Nearly eight million Venezuelans have signed a petition for a referendum to remove 38 opposition deputies from parliament, said the country's vice-president.
Jose Vicente Rangel said turn out had been massive during the four-day signature campaign to unseat the government opponents.
Chavez supporters praise his 'concern for the poor'
It comes a week before the opposition holds its own signature drive to try to get rid of President Hugo Chavez himself.
His opponents - a loose coalition of politicians, business leaders and trades unions - need to get more than 2.4 million signatures to trigger a recall vote on the president's rule.
They accuse him of behaving like a dictator who has done little to fight rampant crime and a stagnant economy.
The president's supporters praise his efforts to improve health and education - they say he is the first leader in Venezuela to show any concern for the poor.
Vice-president Jose Vicente Rangel said that 7.9 million signatures had been collected over the weekend during the government's campaign to oust the opposition deputies.
Some of the names at the top of the petition sheets used to support the government in parliament. President Chavez blames them for blocking his programme of reform.
International observers of the weekend's signature collection said it passed off peacefully.

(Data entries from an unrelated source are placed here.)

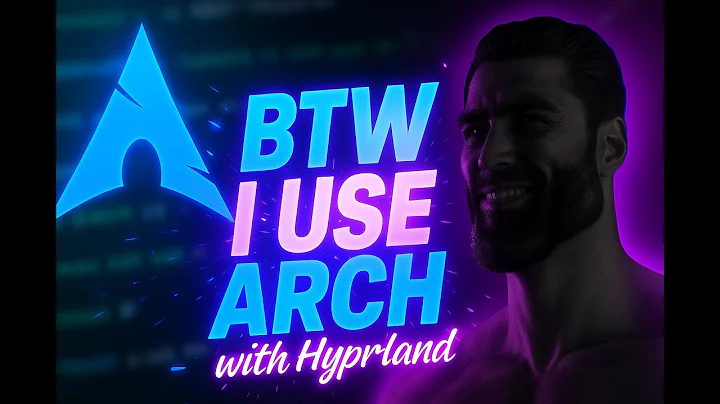 Arch Linux + Hyprland Easy Install Guide (2025) | From Terminal to Stunning Desktop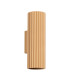 Karbon Minimalist Up Down Wall Lamp 20cm Gold-1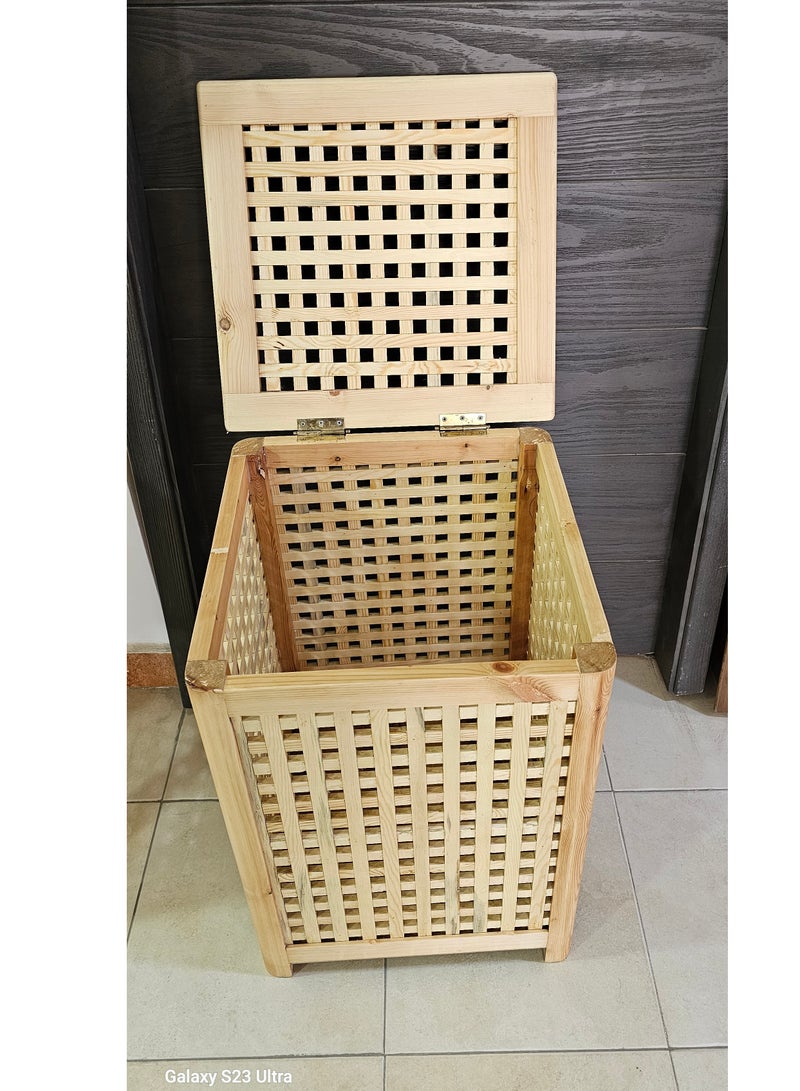 M furniture - Laundry box - natural color - Image 3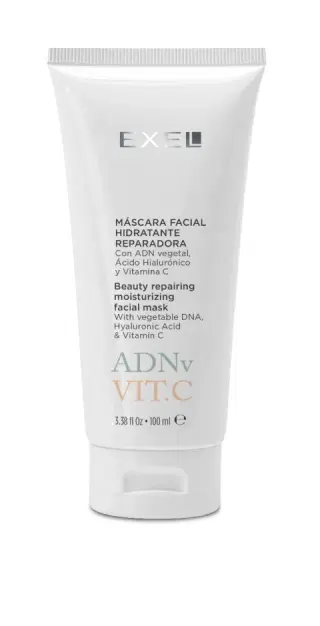 Máscara Facial Hidratante y Reparadora con ADN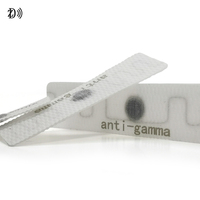 Étiquette RFID lavable pour blanchisserie, 860-960 MHz UHF, étiquette RFID pour blanchisserie, pour le suivi des tissus, du linge, des vêtements, anti-contrefaçon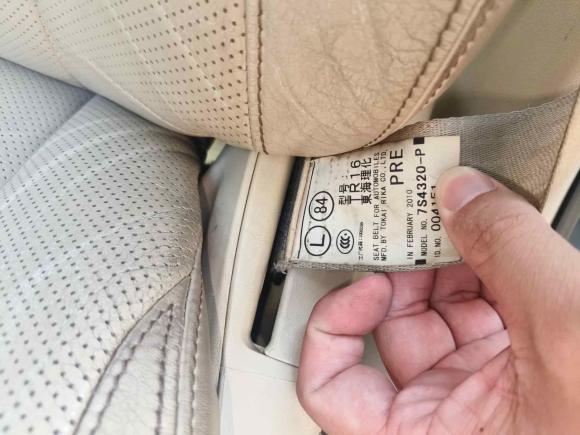 [宁波·浙B] 二手雷克萨斯雷克萨斯ES2010款 350 典雅版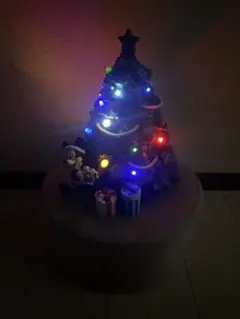 【説明欄必読】ディズニークリスマス　ポップコーンバケットLED化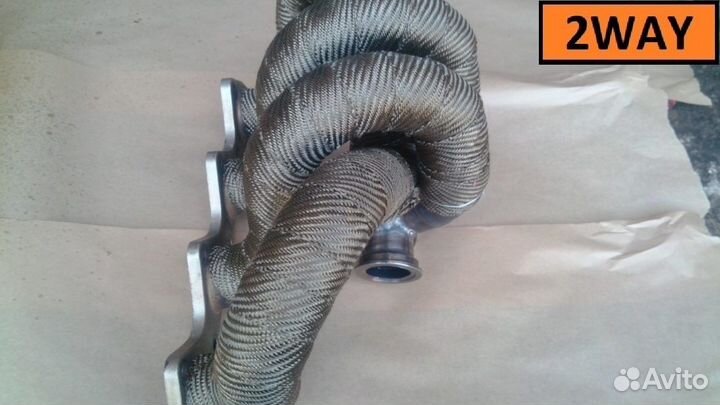 Термолента 1200 градусов базальтовая 50мм'*10м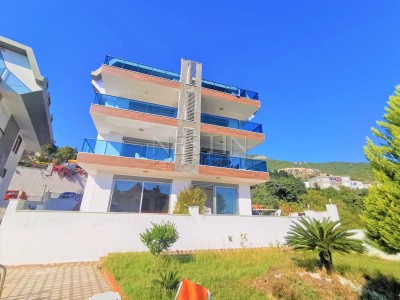 Пентхаус 3+1 в центральном районе Аланьи Хасбахче фото 1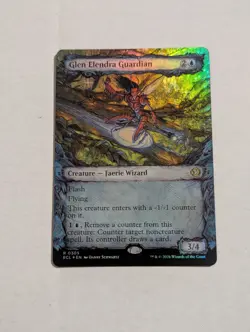 Glen Elendra Guardian (0305) (Showcase) Lorwyn Eclipsed Foil - Image 1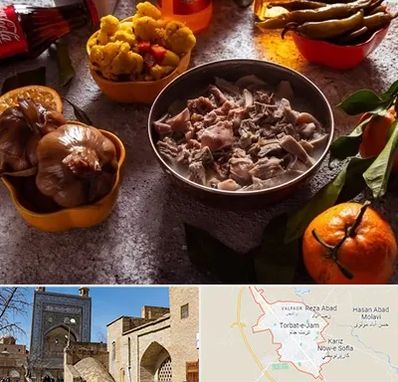 طباخی در تربت جام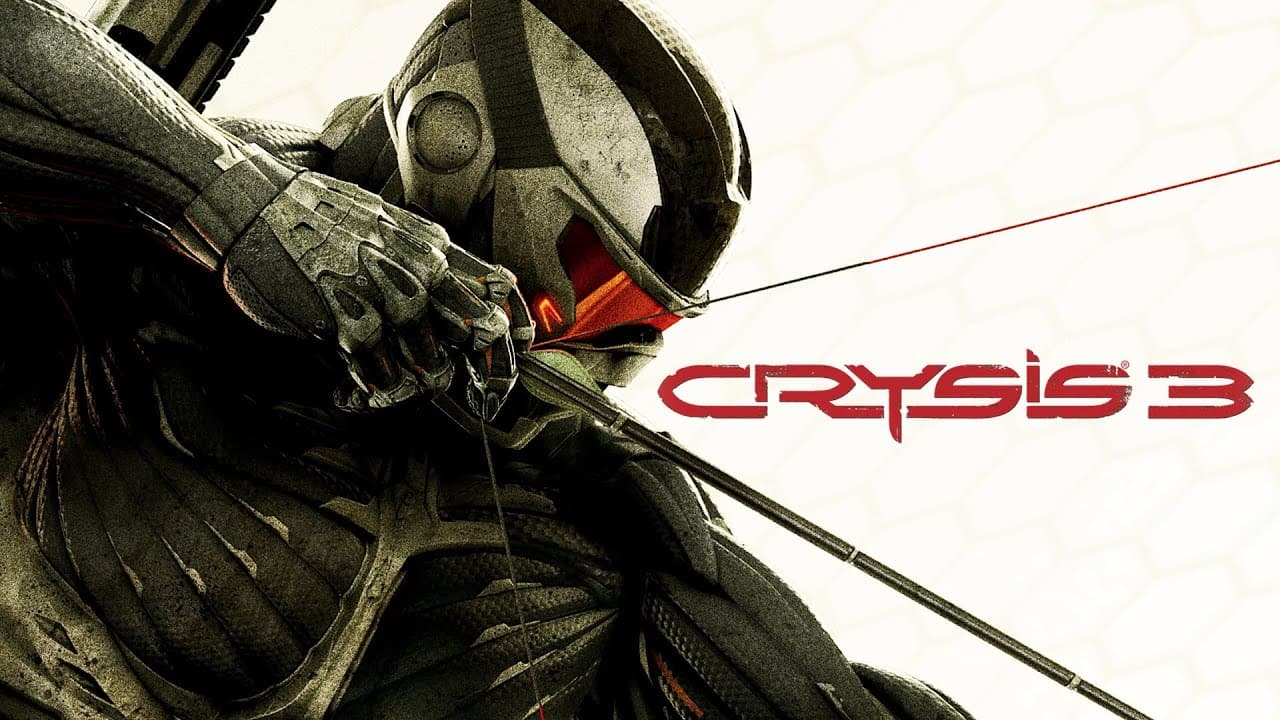 Crysis 3 trailer thumbnail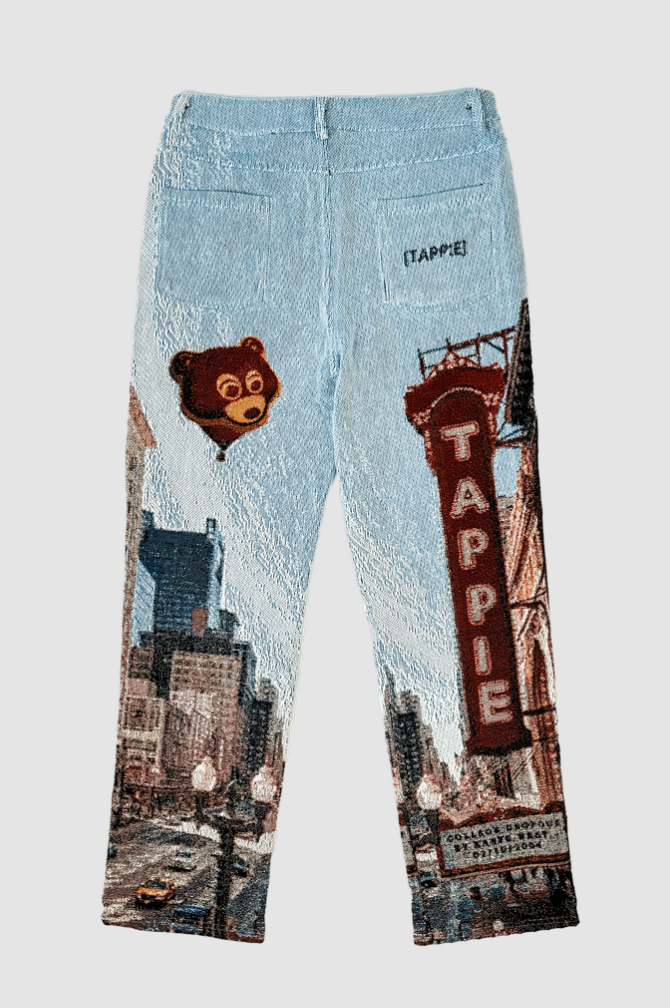 College Drop Out LUAS Tappie Pants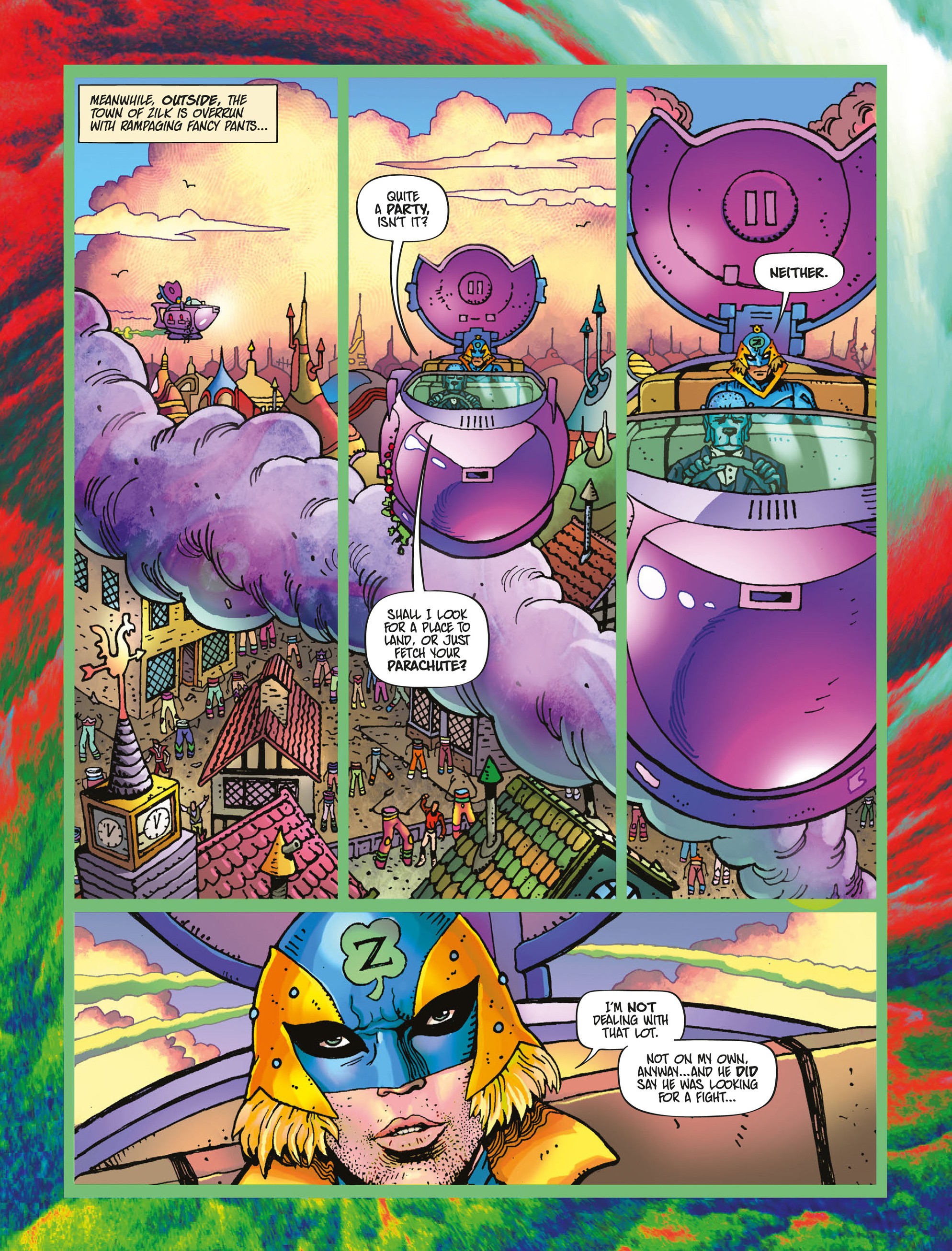 2000 AD: Chapter 2167 - Page 16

"We have expectations that the coming weekend is going to be exactly the same," said Jennifer McCoy of the Atlanta-based Carter Center. "Peace, calm and civility."
Both sides had warned of possible violence.
Opponents of Chavez want to force a referendum on his presidency
Julio Borges of the Primero Justicia opposition party appealed to Chavez's ruling party "please treat us with the same respect next weekend as we treated you this weekend".
Mr Rangel said the government would respect the upcoming vote. "We want all Venezuelans to be able to express their will," he said.
The BBC's James Menendez in Caracas says the referendum process is meant to offer a democratic way out of a stand-off between the two sides - following a botched coup last year and a two-month long national strike earlier this year.
But few expect the process to be easy, our correspondent adds.